Kyber Ransomware Double Trouble: Windows and ESXi Attacks Explained

Kyber Ransomware Double Trouble: Windows and ESXi Attacks Explained
Kyber is a cross-platform ransomware family that targets VMware ESXi datastores and Windows file systems with coordinated Tor-based infrastructure, campaign identifiers, and destructive anti-recovery features.
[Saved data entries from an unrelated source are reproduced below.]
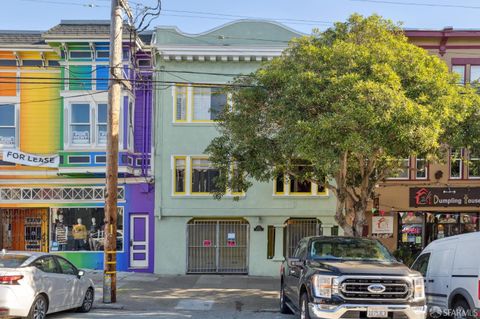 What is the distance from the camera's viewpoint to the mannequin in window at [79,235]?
18.9m

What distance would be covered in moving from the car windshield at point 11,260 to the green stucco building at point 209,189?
9.09 metres

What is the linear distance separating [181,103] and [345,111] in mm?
9679

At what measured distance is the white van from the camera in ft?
28.3

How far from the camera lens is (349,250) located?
993 cm

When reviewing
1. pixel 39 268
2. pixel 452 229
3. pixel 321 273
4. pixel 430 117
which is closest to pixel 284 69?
pixel 430 117

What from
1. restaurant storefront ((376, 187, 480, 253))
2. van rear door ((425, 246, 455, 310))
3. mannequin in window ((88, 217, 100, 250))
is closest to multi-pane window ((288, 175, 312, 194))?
restaurant storefront ((376, 187, 480, 253))

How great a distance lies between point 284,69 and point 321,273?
20.4 ft

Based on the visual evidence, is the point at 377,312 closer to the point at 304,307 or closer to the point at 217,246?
the point at 304,307

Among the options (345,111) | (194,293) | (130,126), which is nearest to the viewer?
→ (345,111)

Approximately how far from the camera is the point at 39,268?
9.70m

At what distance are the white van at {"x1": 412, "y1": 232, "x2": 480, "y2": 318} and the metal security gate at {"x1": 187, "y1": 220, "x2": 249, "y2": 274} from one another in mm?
9315

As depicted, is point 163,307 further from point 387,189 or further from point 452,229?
point 452,229

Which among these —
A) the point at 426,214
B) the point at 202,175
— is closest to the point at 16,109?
the point at 202,175

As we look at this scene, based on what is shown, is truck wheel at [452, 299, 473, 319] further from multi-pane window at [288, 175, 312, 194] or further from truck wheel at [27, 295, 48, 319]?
multi-pane window at [288, 175, 312, 194] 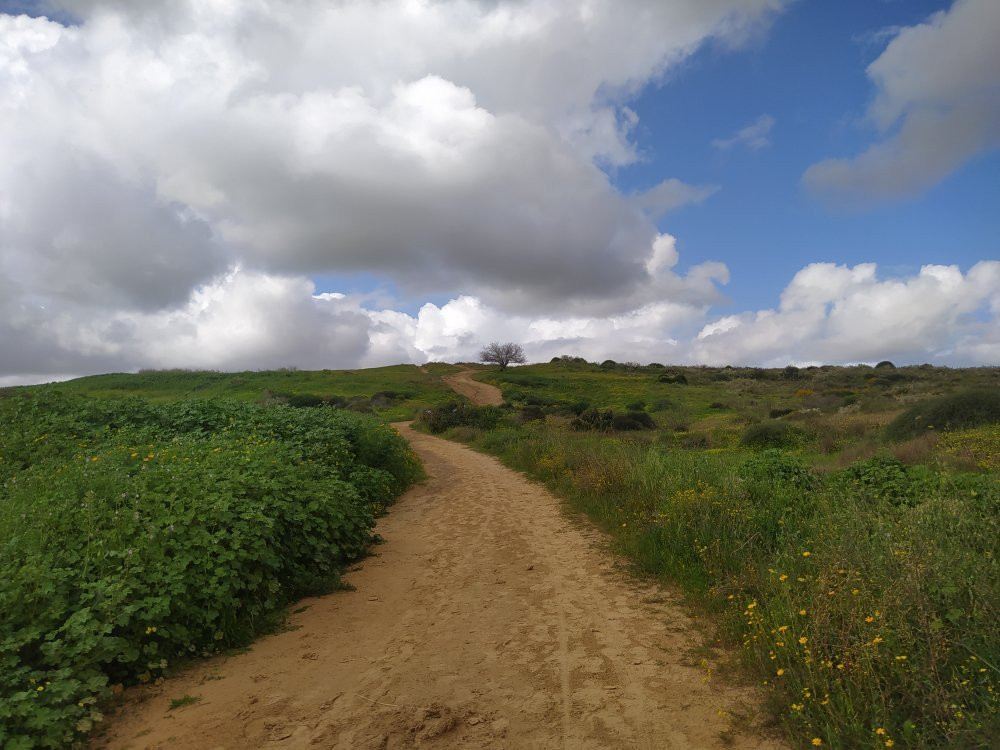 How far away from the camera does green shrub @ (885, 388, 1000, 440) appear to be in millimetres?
16078

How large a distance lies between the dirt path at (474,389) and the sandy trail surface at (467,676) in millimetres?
Result: 35613

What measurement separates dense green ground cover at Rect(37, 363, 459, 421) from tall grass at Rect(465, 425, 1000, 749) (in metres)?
29.7

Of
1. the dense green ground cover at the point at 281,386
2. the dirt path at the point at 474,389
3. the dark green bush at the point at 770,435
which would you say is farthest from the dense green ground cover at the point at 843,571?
the dirt path at the point at 474,389

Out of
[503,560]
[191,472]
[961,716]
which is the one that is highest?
[191,472]

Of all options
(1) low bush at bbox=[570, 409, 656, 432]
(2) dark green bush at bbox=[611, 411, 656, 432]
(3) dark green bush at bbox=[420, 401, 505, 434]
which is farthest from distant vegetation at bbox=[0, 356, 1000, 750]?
(3) dark green bush at bbox=[420, 401, 505, 434]

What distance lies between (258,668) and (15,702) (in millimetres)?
1512

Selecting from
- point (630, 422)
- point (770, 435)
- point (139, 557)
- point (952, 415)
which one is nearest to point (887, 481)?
point (139, 557)

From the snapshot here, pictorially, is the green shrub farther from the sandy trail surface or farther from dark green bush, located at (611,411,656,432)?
the sandy trail surface

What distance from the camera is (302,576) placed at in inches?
247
The ESXi variant (C++ ELF) actually uses ChaCha8 with RSA-4096 and partial in-place encryption while the Windows variant (Rust PE) implements the advertised hybrid Kyber1024 scheme and includes elevated service termination and experimental Hyper-V shutdown. #Kyber #VMwareESXi

Keypoints

  • Kyber deploys dual-platform ransomware that targets VMware ESXi datastores and Windows file systems.
  • Both variants share a campaign ID and Tor-based infrastructure, indicating coordinated operations across platforms.
  • The ESXi ELF (C++) uses ChaCha8 with RSA-4096, performs partial in-place encryption of datastores, and can terminate VMs via esxcli.
  • The Windows PE (Rust) implements the advertised hybrid crypto (including Kyber1024), runs anti-recovery commands when elevated, and has an experimental Hyper-V shutdown feature.
  • Both variants deface management interfaces and use partial-file encryption to speed operations while rendering large files unusable.